The study nevertheless makes several contributions to the extant literature on NGOs and donor funding and sets and agenda for future work. We contribute to NGO studies by specifying two distinctive aspects of managerialism (Hvenmark 2016; Meyer et al. 2013). Professionalized NGOs, those with more trained and educated staff, and rationalized NGOs, those with more extensive monitoring and evaluation regimes, are more likely to have foreign aid. These NGOs actually may not be better at implementing projects than other organizations, but we suggest that the adoption of these management practices provides legitimacy (Hwang and Powell 2009; Karl 1998). Interestingly, while the effects for managerialism are not entirely surprising, decisions about foreign aid often have political motivations, yet we find that management practices still matter a great deal (Riddell 2007).

We do not discount the importance of politics and other motivations that differ across contexts, but our results suggest either that professionalization and rationalization matter for funding despite these other issues or that most funding is for technical projects. Some research on foreign aid in Cambodia lends support to the latter interpretation, concluding that “Cambodia’s experience since 1993 suggests that most projects have been donor-driven in their identification, design and implementation, to the detriment of capacity development” (Godfrey et al. 2002, p. 369). This approach to funding also helps to explain our results for local embeddedness. If donors prioritized capacity building and the construction of civil society, we might expect to see support for local organizations to “outweigh” professionalization and rationalization, but we do not find evidence that donors fund even the most managerial local NGOs.

Our findings add to ongoing discussions about the role of NGOs versus governments in the development process as well. None of the NGOs in our study receive funding from the Cambodian government, raising questions about the role of NGOs in public service provision in the country. If international donors stop supporting these NGOs, there is little indication that the Cambodian government will fill in the gaps in program services or continue with ongoing projects (Brinkley 2011). This issue has been a concern for development scholars for several decades, particularly in relation to capacity development (Edwards and Hulme 1996). Given that we find little evidence that foreign aid serves the direct purpose of capacity building, or even that funding prioritizes local organizations in a direct manner, the long-term implications for development remain unclear.

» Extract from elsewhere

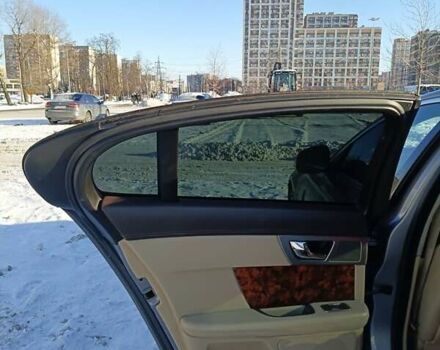 Сірий Ягуар ХФ, об'ємом двигуна 2.7 л та пробігом 243 тис. км за 9500 $, фото 20 на Automoto.ua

Finally, we add to discussions about how development funding shapes the priorities and goals of NGOs, particularly in local community contexts (Bebbington 2005; Brown 2008; Edwards and Hulme 1996). Because rationalization can produce an instrumental focus that devalues social relationships in an effort to achieve technical efficiencies, performance could come at the expense of local ties and a community focus (Girei 2016; O’Dwyer and Unerman 2008; Townley et al. 2002). If professionalization and rationalization provide legitimacy for NGOs, as we argue, local civil society may not benefit or grow in a sustainable manner through foreign aid. Future research can build from our study by clarifying the longitudinal connections between professionalization, rationalization, and local embeddedness in development contexts.

As NGOs are likely to remain important recipients of foreign aid, more research is needed to understand which types of organizations receive support and why. NGOs often are described as pivotal to the production of social capital and democracy in international discourse, and these organizations also deliver programs and services to communities in need (Longhofer and Schofer 2010; Schofer and Longhofer 2011). We shed light on one aspect of the aid chain with our investigation of direct aid disbursement, demonstrating clear prioritization of managerial and international NGOs. These results set an agenda for new studies on subcontracts to local organizations and on how those interactions matter for the growth of local civil society.